Durante longos anos da minha vida e, consequentemente, das minhas relações afetivas, tive a fidelidade como um dos pilares em meus namoros. Até que um dia, humanamente, eu tombei. E foi exatamente isso: algumas horas, mas suficiente para que meu próprio senso moral definisse: “é traição”. Depois de anos de relacionamentos, no contexto nacional que busquei elucidar nas linhas de cima, é muito difícil (duro até) preservar um senso de fidelidade imbatível, ainda se existisse uma maré cultural a favor.

Meu gesto de horas, apesar dos pesares do senso moral e ético (aquele que eu carreguei comigo por esses anos), não me trouxe nenhum efeito de culpa.
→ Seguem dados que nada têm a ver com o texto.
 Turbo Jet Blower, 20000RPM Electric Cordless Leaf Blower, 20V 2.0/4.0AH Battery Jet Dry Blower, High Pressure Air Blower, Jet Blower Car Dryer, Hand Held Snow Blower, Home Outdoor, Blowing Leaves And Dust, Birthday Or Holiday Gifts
Curiosamente, tal gesto de traição me trouxe até mesmo um alívio, de um pesar por carregar nas costas um valor que a maioria não reconhece ou, de tirar um peso das minhas costas que, de fato, não garantiu necessariamente a durabilidade de minhas relações. A mim, a durabilidade das minhas relações era sempre um ideal.

Não estou dizendo que trair é legal, principalmente nesse contexto de tanta permissividade e falta de senso em comum. Mas estou afirmando que tive que viver algumas relações (mais de 12 anos somados) para entender que essa “falha”, única e exclusiva até o momento, que não necessariamente me levou a um vício comportamental (de repetição), foi necessária para que eu pegasse mais leve comigo, das cobranças sobre o outro e, principalmente, da cobrança de eu comigo mesmo. Antes, pensar que eu poderia ser traído era motivo para uma profunda aflição, me deixava em estado de alerta constante e me colocava em um tipo de papel na relação que ficou (altamente) incômodo ao longo dos anos. Fazia parte de exigências da minha “caixinha” quando o assunto era namoro. No momento em que assumi tal ato em meu currículo, outras prioridades vieram à tona, quando me deparo a um outro, potencial a ter algum envolvimento afetivo mais profundo.

Tais assuntos são conversados entre eu e o Rafa que, apesar de apenas 25 anos, já acumulou um punhado de relacionamentos e, sim, já foi traído e traiu.

Hoje, prefiro a lealdade (aquela que inclusive assume uma traição no sentido de cumplicidade pelo deslize) do que a fidelidade. Mas tal percepção é resultado de minhas vivências e da pessoa que sou.

A cultura de traição está estabelecida por aqui e, até agora, cada um tem feito com isso o que bem entende. Eu sei bem onde coloco esse assunto, hoje, em minha vida.